Economic Development America
Competing Globally - Growing Regional Economies - Creating Jobs Summer 2006
In this issue:

Excellence in Technology-Led Economic Development: Fields of Green - North Dakota State University Research & Technology Park

by Tony Grindberg and Carol Renner, Executive Director, NDSU Research & Technology Park; NDSU Office of Research




NDSU’s Center for Nanoscale Science & Engineering, part of the university’s research and technology park, includes “clean rooms” for development of electronic sensors and microchips for business, industry and government applications.
For more than 100 years, acres of agricultural test plots surrounding the North Dakota State University campus in Fargo were a common sight. As a land-grant institution, NDSU has a strong heritage based in agricultural research. But by the 1980s, the institution and the state it serves faced obstacles. A farm economy crisis forced many farmers out of business, affecting families, farmers,Main streets and state institutions. Everyone wondered: Just where did the state’s economic future lie?

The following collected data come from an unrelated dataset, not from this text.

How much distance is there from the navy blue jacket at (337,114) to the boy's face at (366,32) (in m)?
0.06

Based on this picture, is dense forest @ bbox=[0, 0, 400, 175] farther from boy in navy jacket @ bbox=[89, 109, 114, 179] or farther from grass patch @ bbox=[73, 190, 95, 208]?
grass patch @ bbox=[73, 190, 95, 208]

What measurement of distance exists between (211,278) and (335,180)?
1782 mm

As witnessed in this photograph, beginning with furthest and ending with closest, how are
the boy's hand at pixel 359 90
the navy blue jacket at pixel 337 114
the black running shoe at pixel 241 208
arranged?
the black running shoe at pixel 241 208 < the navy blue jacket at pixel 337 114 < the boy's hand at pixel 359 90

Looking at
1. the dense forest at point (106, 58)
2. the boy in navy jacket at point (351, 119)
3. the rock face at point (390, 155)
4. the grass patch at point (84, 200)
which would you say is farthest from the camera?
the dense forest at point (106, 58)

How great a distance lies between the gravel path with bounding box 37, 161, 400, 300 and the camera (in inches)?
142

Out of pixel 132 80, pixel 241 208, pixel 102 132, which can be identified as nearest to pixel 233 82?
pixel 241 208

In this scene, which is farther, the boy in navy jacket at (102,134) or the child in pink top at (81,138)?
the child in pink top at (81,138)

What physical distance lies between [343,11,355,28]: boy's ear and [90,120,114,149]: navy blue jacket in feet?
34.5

Stemming the out-migration of young people from North Dakota, creating good-paying jobs and boosting per capita income were just some of the challenges facing the state’s leaders. It took several catalysts and a team dedicated to measured change to develop long-term solutions.


Evaluating assets and forging partnerships

The state’s assets included an extensive higher education system and two major research universities, as well as a favorable tax and regulatory climate for business. State leaders established a Higher Education Roundtable in 1999 to examine North Dakota’s university system and make recommendations to improve its role in education, research and economic development.

The 60-member advisory group included members of business and industry, state lawmakers, higher education board members, college presidents, faculty, and representatives from state government and American Indian tribes. The group’s report pointed out that without action, the state would continue losing population, particularly young people in their prime career years. The state Legislature and Board of Higher Education listened to the suggestions and adopted a doctrine of flexibility and accountability that gave campuses such as NDSU the opportunity to pursue new initiatives while demanding measurable results.


Catalysts and convergence

When Dr. Joseph A. Chapman arrived as president of NDSU in 1999, research expenditures were $44 million, student enrollment was 9,700 and 150 doctoral students were on campus.“My first impressions of NDSU were that this was a tremendous university but that it did not have the academic and research portfolios of our land-grant peers,” said Chapman.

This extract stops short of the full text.